Why Bhubaneswar Records Low Turnout In Urban Polls? Don’t Blame Middle Class Alone

Why Bhubaneswar often records low turnout on voting day? Don’t blame the middle class, elitists or taxpayers. Rather, the existing system that ignores this class of voters, who are often bogged down by their hectic day-to-day activities, is responsible.

With the middle class turning unpredictable, it is the slum-dwellers who have turned the vote bank of most parties in the local election. Because, mere 2,000 votes often decide the fate of a candidate in the municipal wards.

Though many question, nobody blames the election procedures nor political systems that are largely accountable for the low turnout in recent times. While the officials are not able to reach the voters with voters’ slips, the political system does not take citizens into confidence while choosing their candidates.

Take the example of voters’ slips. In 2012 Delhi Assembly elections, the Election Commission undertook a massive exercise to get the slips reach the voters and it pushed up the turnout!

While in Bhubaneswar, whether civic election or general election, a lot of voters do not get the slips. In the absence of slips, many don’t go to pooling booths as they have to wait for long hours searching for their names in the list.

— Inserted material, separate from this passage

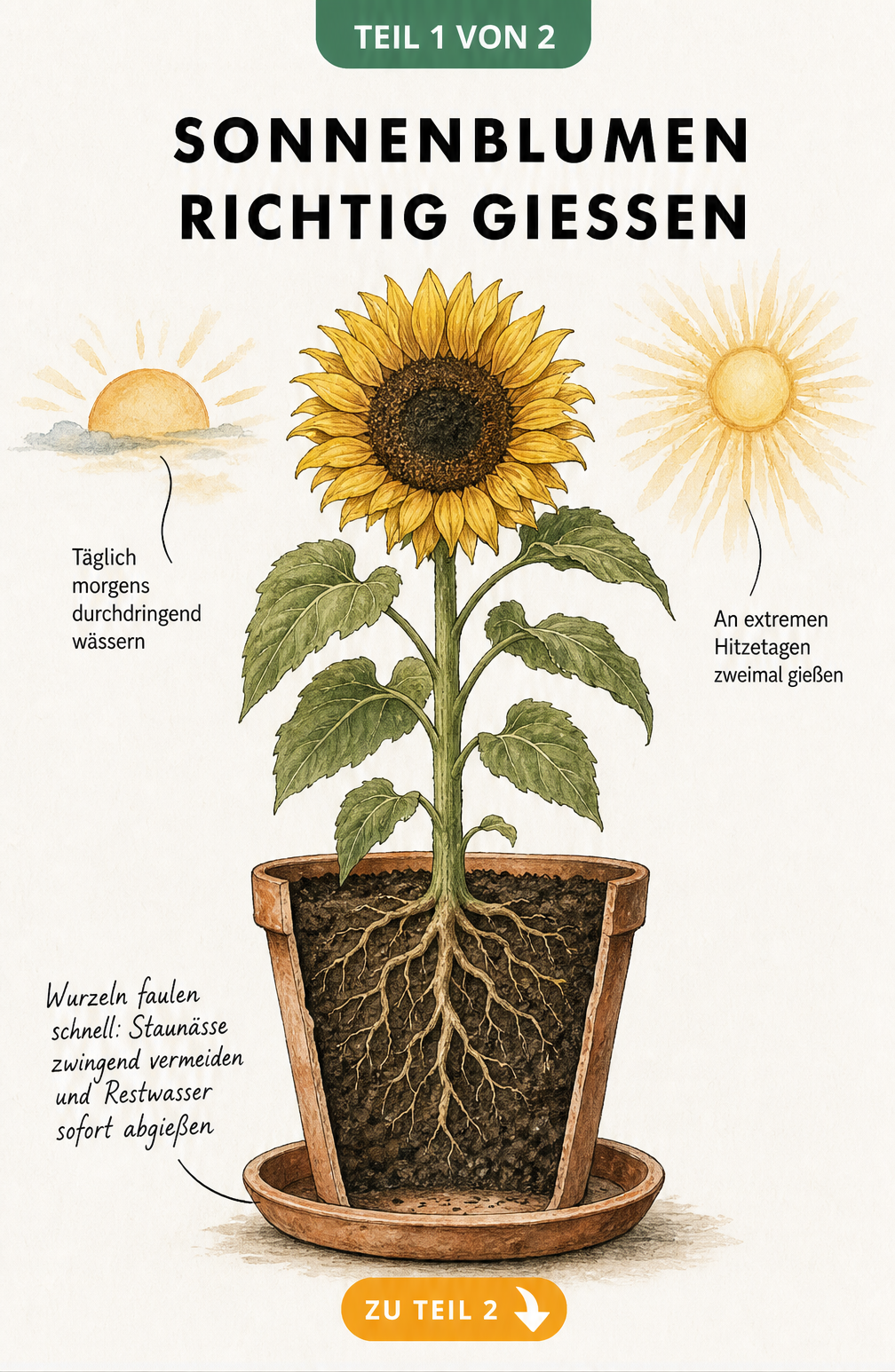 Illustration einer Sonnenblume im Topf mit Wurzelquerschnitt, die zeigt, dass man morgens durchdringend gießen und Staunässe vermeiden soll.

Many others abstain from voting as none of the candidates meet their expectations. In some other cases, the voters feel that the political parties have taken advantage of their support with the belief that any candidate put up by them will win the election.

So, it is wrong on the part of anybody to think that the literate, politically sensitive and elite citizens don’t turn out to vote. Rather, most voters prefer to remain absent than giving votes to wrong candidates.

As a result, about 45% of the total 6,90,239 voters exercised their franchise, deciding the fate of 393 candidates in 67 wards during the last civic election. It means that majority of voters did not vote in the election. In a way, it can be interpreted that this 55% of voters simply did not have trust in the performance of Bhubaneswar Municipal Corporation or they disassociated themselves from civic affairs.

The present civic polls may very well witness a repeat show of low turnout.

At the same time, the slum-dwellers cannot be blamed for voting like villages in panchayat election. The turnout from the slums is often high not because they are highly interested in the election process. They just want to secure their encroached land as well as freebies as part of social security measures.

If the political parties focus on selection of candidates, think beyond the vote bank politics and ensure voting slips to all voters, then perhaps Bhubaneswar may see a high turnout.

In this election, 7,25,765 voters in 67 wards will exercise their franchise at 705 booths in the city. Out of the total voters, 3,94,510 are male and 3,30,815 female, while 440 voters belong to ‘others’ category.